Rdnr. 44: Diese aus der herrschenden Meinung folgenden Konsequenzen sind nicht gemeinschaftsrechtskonform, weil das vom Gesetzgeber grundsätzlich vergaberechtsneutral konzipierte System des sozialhilfehilferechtlichen Leistungserbringungsrechts95 so ausgelegt wird, dass es in den Auswirkungen einer Vergabeentscheidung gleichkommt. Bei der Prüfung der Gemeinschaftsrechtskonformität einer Norm ist nicht deren Formulierung, sondern ihre praktische Anwendung maßgebend. Sind mehrere Auslegungsalternativen denkbar, muss diejenige gewählt werden, die dem Gemeinschaftsrecht am ehesten Rechnung trägt. Entspricht eine mögliche Auslegung nationaler Vorschriften nicht dem Gemeinschaftsrecht, darf diese nicht zugrunde gelegt werden. Sieht man - wie die herrschende Meinung - nur die Vergütungsvereinbarung als schiedsstellenfähig an, begünstigt dies vertragslose Zustände - unter Umständen entstehen diese sogar regelmäßig. In diesen Fällen gewährt der Sozialhilfeträger den nicht vertragsgebundenen Leistungserbringern eine Vergütung, die der durchschnittlich für vergleichbare Leistungserbringer zu zahlenden Vergütung entspricht. Der Sozialhilfeträger kann somit in der Praxis den vertragslosen Zustand nutzen - und tut dies u.U. auch -, um eine nach seinem Gutdünken bemessene Vergütung zu gewähren. Diese Auslegung des § 77 Abs. 1 Satz 3 SGB XII ermöglicht dem Sozialhilfeträger letztlich in der Praxis eine Angebotssteuerung. Er kann Vereinbarungen überwiegend mit kostengünstigen Leistungserbringern seiner Wahl schließen und die Vertragsverhandlungen mit anderen Leistungserbringern verzögern.

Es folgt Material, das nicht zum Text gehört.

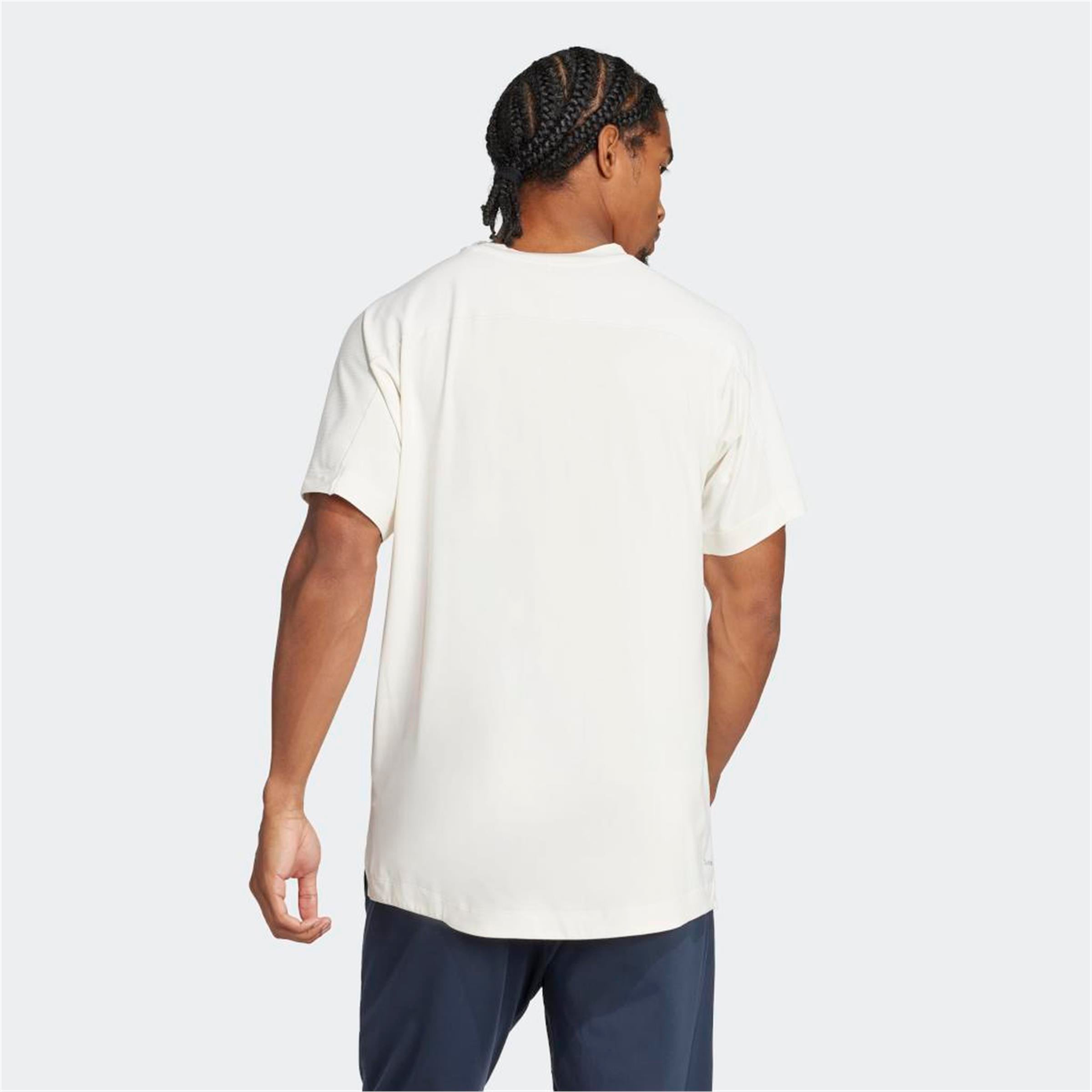 PUREMOTION TEE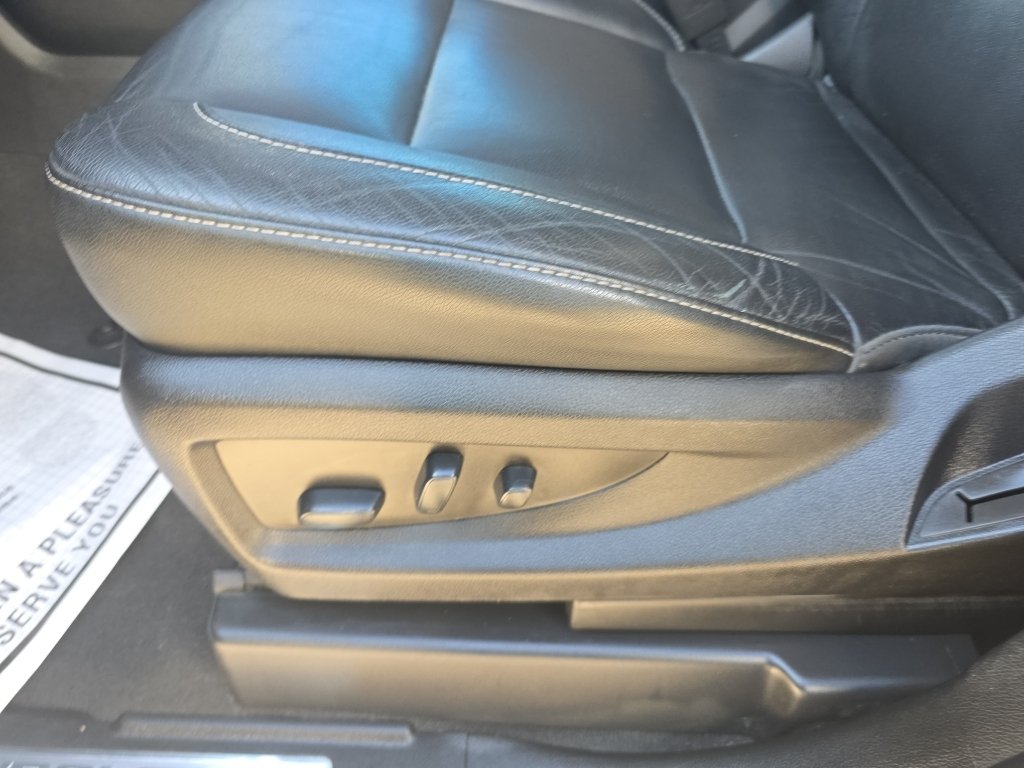 Used 2019 Chevrolet Tahoe LT RWD image 11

Auf diese Weise können einzelne Anbieter faktisch ausgeschlossen werden, was letztlich bei funktionaler Betrachtung zu einer "De-facto-Vergabe" durch exklusive Konkurrentenauswahl führt, für welche die Regelungen des Vergaberechts gelten (vgl. dazu auch die Kommentierung zu § 75 SGB XII).

Rdnr. 45: Sachgerechte Ergebnisse werden dagegen erzielt, wenn man die inhaltliche Einheit von Leistungs- und Vergütungsvereinbarung auf das Verfahrensrecht und somit die Schiedsstellenfähigkeit überträgt. Die hier vorgeschlagene Erstreckung der Schiedsstellenfähigkeit auf die Leistungsvereinbarung überschreitet auch nicht die Wortlautgrenze des § 77 Abs. 1 Satz 3. Schiedsstellenfähigkeit ist nach dem Wortlaut des § 77 Abs. 1 Satz 3 SGB XII eine Vereinbarung nach § 76 Abs. 2 SGB XII. Vereinbarungen i.S.d. § 76 Abs. 2 SGB XII sind solche über die "Vergütung für Leistungen nach Absatz 1". Leistungen nach Absatz 1 sind die Inhalte einer Leistungsvereinbarung. Angesichts des logischen und auch im Wortlaut des § 76 Abs. 2 SGB XII zum Ausdruck kommenden Zusammenhangs zwischen Leistungs- und Vergütungsvereinbarung könnte man einen expliziten Verweis des § 77 Abs. 1 Satz 3 SGB XII auf § 76 Abs. 1 SGB XII sogar für entbehrlich halten. Da die Gesetzesmaterialien keinen Aufschluss über die Beweggründe des Gesetzgebers für die Beschränkung der Schiedsstellenfähigkeit auf die Vergütungsvereinbarung geben und die Schiedsstelle ursprünglich auch für die Festsetzung der Inhalte einer Leistungsvereinbarung zuständig war (vgl. dazu Rn. 2 f., Rn. 39) ist nicht ausgeschlossen, dass die im Vergleich zum Regierungsentwurf vorgenommene Änderung im Vermittlungsausschuss diesem offensichtlichen Zusammenhang geschuldet war."

Der Beschluss ist gemäß § 98 Satz 2 SGG unanfechtbar.